With so little international diversification, there is no cushion when the regional market softens, making a winning formula a home base with global trading posts. For Konrad Fischer that involved opening a project space in Los Angeles and an office in New York last year. “Whatever slowdown there is in Germany, it does not affect us as much,” Rieger said. For Société and galleries in its Berlin cohort, international business remains the focus—it’s just cultivating the Berlin collector scene is a growing parallel mission.
Installation view of Galerie Eigen + Art at Art Cologne Palma Mallorca. Courtesy of the gallery.
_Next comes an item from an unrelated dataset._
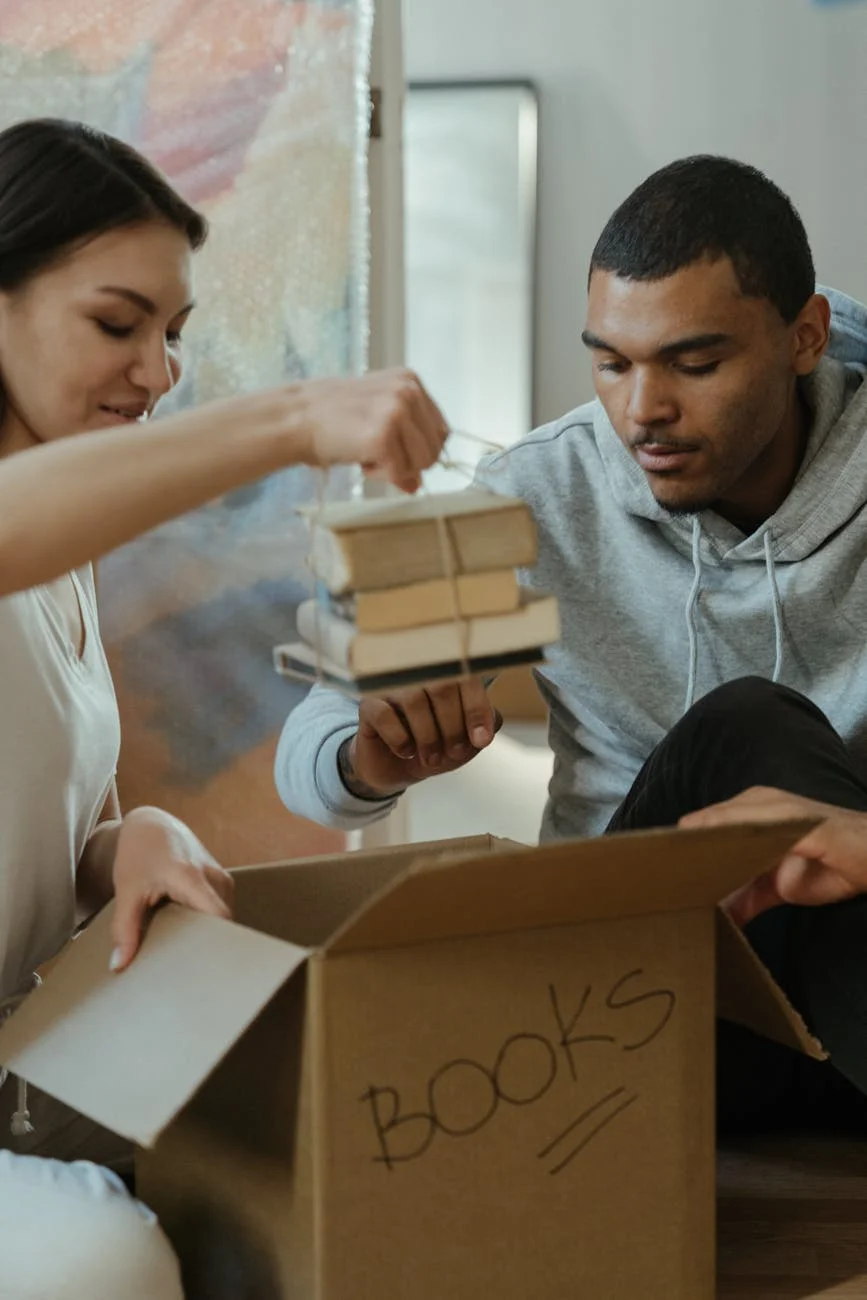 A Young Couple Unpacking Books In Their 4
Mallorca fits this logic in reverse: a fair allows dealers to credibly chase collectors abroad to meet their clients where they are, a core business tenet. “The era of the ‘Grand Tour’ is over,” said Judy Lybke of Eigen + Art, who is showing works priced between $1,600 and $290,000 at Art Cologne Palma Mallorca, which runs through Sunday. “In Palma, we’re here for the local collectors,” he said, noting that Art Basel’s recent Qatar and Hong Kong editions were also driven by regional buyers.
But Art Cologne Palma Mallorca isn’t purely a German exercise: of the 88 galleries at Art Cologne Palma, more than half are from Spain. As Lybke points out, the Balearics has “a strong collector base with an international flair” and well-trodden international art world terrain—Hauser and Wirth is on Menorca and London’s Gathering has an Ibiza outpost.
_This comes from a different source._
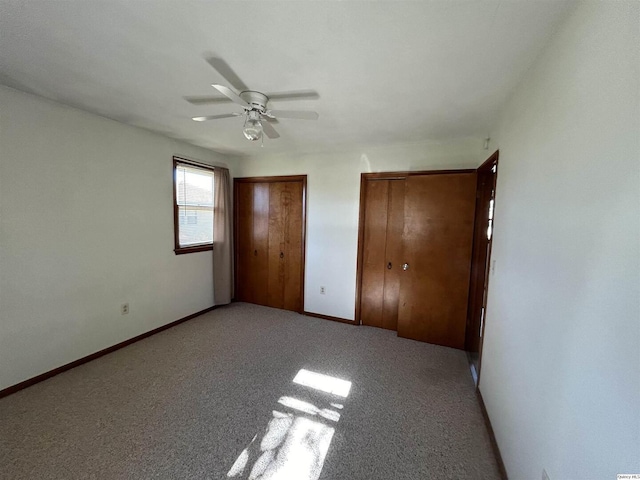 unfurnished bedroom featuring multiple closets, light colored carpet, and ceiling fan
Nor does “local” quite apply back on the Rhine where the oft-quoted depth of the local collector is not quite right, either. “The Rhineland collector is a myth: the idea that there is this long list of dominant private collections with a major impact on the contemporary art world,” said Wichelhaus. The region’s pull is the access to the Benelux and France—there’s no collector parochialism propping these fairs up.
The Bottom Line
The return to the “local” is less a retreat than a semantic rebrand. The art world’s business borders remain porous as ever—it’s just that clients and galleries are mobile in different ways. Whether Germany can fix its structural problems is the question the rest of 2026 will have to answer. Prost from Düsseldorf and salut from Palma.